The primary author on this article is Dr. Rebekah Rodriguez-Boerwinkle, Yale University.
Why do we hang art on our walls, visit museums, and scroll through digital galleries? Sure, art can be beautiful or moving. But philosophers and psychologists have been arguing that it can do something else, too: teach us.
In a recent talk at Yale University, Dr. Eileen Cardillo, a neuroscientist at the University of Pennsylvania, presented the latest research providing insights about how this happens.
Bringing Ourselves into the Experience of Art
The first research lesson is that art’s power to inform and enlighten isn’t just about the artwork itself. Instead, the viewer plays an essential role.
To examine what makes art memorable, researchers asked art viewers to reflect on experiences with art and describe aloud what the art they remembered looked like, where they were when they saw it, how they felt, and what else they thought about. From the responses, the team gleaned that memorable art experiences are marked by intense concentration, awareness of a variety of bodily sensations, and people making connections to personal experiences or events from their lives.
In other words, it’s not just what you look at but how you look and how actively you engage with art.
From Feeling to Thinking
The second lesson is about a key ingredient in the process of learning from art: emotion. Emotional engagement is what activates art’s impact on our thinking. It’s when we’re moved, stirred, or even bewildered by a work of art that we’re most likely to reflect, connect, and understand something new about ourselves or our world.
Researchers wanted to understand how art affects people emotionally, so they studied the language people use when they talk about art as a window into emotion.
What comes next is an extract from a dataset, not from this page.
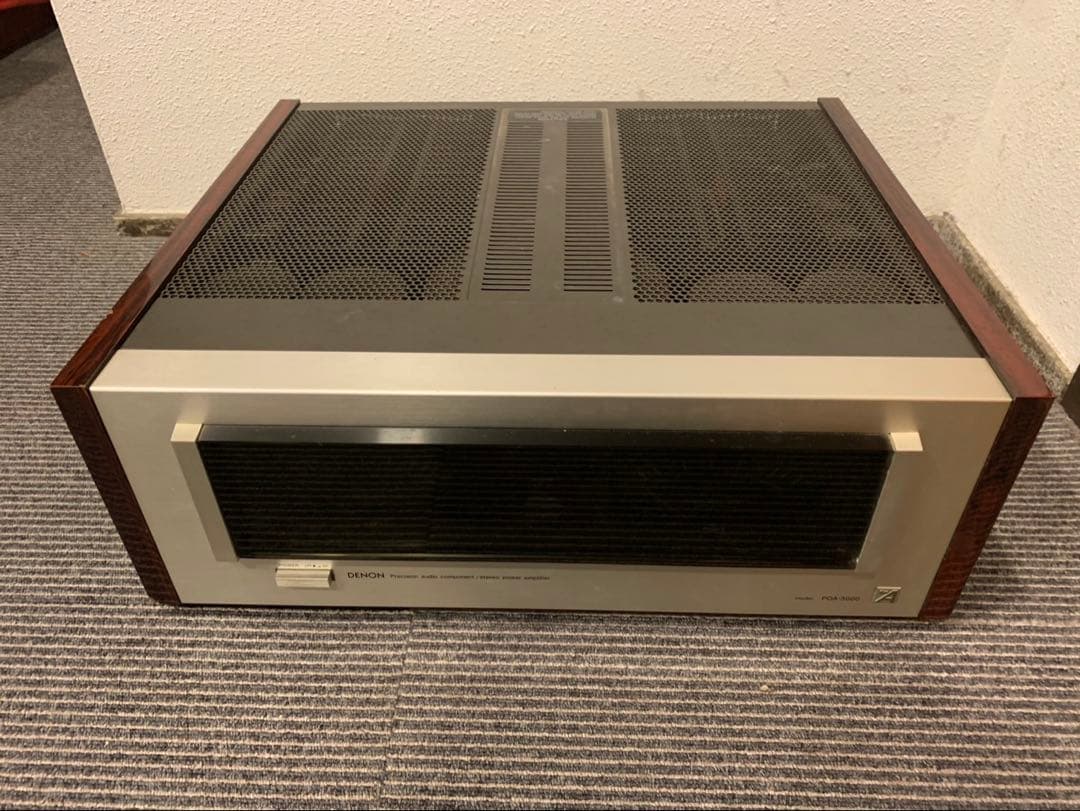 早い者勝ちです！ 「最終値下げ」DENON POA-3000 パワーアンプ
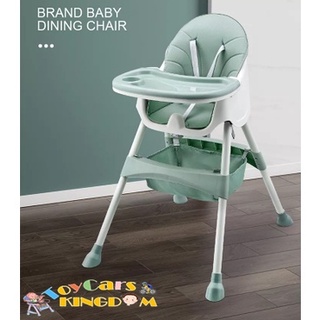 Baby High Chair With Compartment Booster Toddler High Chair (1)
Working with art experts, they created a taxonomy of emotional impacts of art. The roadmap lays out the words people use to describe the many ways art can look and feel.
The taxonomy helps show how widespread and varied emotional responses to art are. We tend to most readily associate art with pleasure (being joyful, inviting, or even seductive), calm (feeling grounded or consoled), and interest (feeling gripped and engaged). In our mind’s eye, we can see paintings by Monet and Renoir, Constable or Corot, perhaps Kandinsky and nod in recognition. But art can be much more.
At the opposite end of pleasure is art that is upsetting (evoking anxiety or discomfort, or is unsettling) and provokes anger (being offended, horrified, or disgusted, or is subversive). Although such feelings don’t come immediately to mind when we think about our reactions to art, they are common reactions to some masterpieces of Titian and Caravaggio and to more contemporary artists, such as Serrano or Maplethorpe.
Art can be challenging and inspire curiosity, it can elicit compassion, and it can make us feel swept away into a world of wonder and awe. Art can make us feel edified and transcendent, uplifted, inspired, and hopeful. And art can spark new insights and a sense of being enlightened.
These emotional responses aren’t just fleeting reactions; they often open the door to deeper understanding. When people feel moved, provoked, or even unsettled by a work of art, they tend to think more deeply about what details in the art are causing them to feel that way, what it means, and why it matters in their lives. In this way, emotion becomes a kind of entry point for reflection and interpretation.
Art Shapes Our Experience of a Place
Finally, researchers explored how our surroundings shape what we learn from art. In a study of public murals in Philadelphia, a city known for its vibrant street art, they asked participants to visit two neighborhoods: Center City, an affluent area, and West Philadelphia, a lower-income area less frequently visited for most of the participants. In each neighborhood, participants viewed either a colorful mural or a blank building wall on the same block. Afterward, they answered questions about how the artwork made them feel and how they perceived the neighborhood: Was it noisy? Dirty? Safe? Would they want to return?
The results showed that murals didn’t just spark emotional responses, they also shaped what people believed about the place itself. In Center City, murals made the neighborhood seem quieter and cleaner. In West Philadelphia, murals made the area feel safer and more inviting.
The study illustrates that the impact of art isn’t only about the image we’re looking at: It’s about where we see it, and what context brings to the experience. In this case, the murals taught viewers something about the neighborhoods themselves, shifting their perceptions in ways that plain walls did not.
One thing is clear: Art’s potential doesn’t end at enjoying beauty. If we’re open to it and actively engage, it might just teach us something that can’t be learned any other way.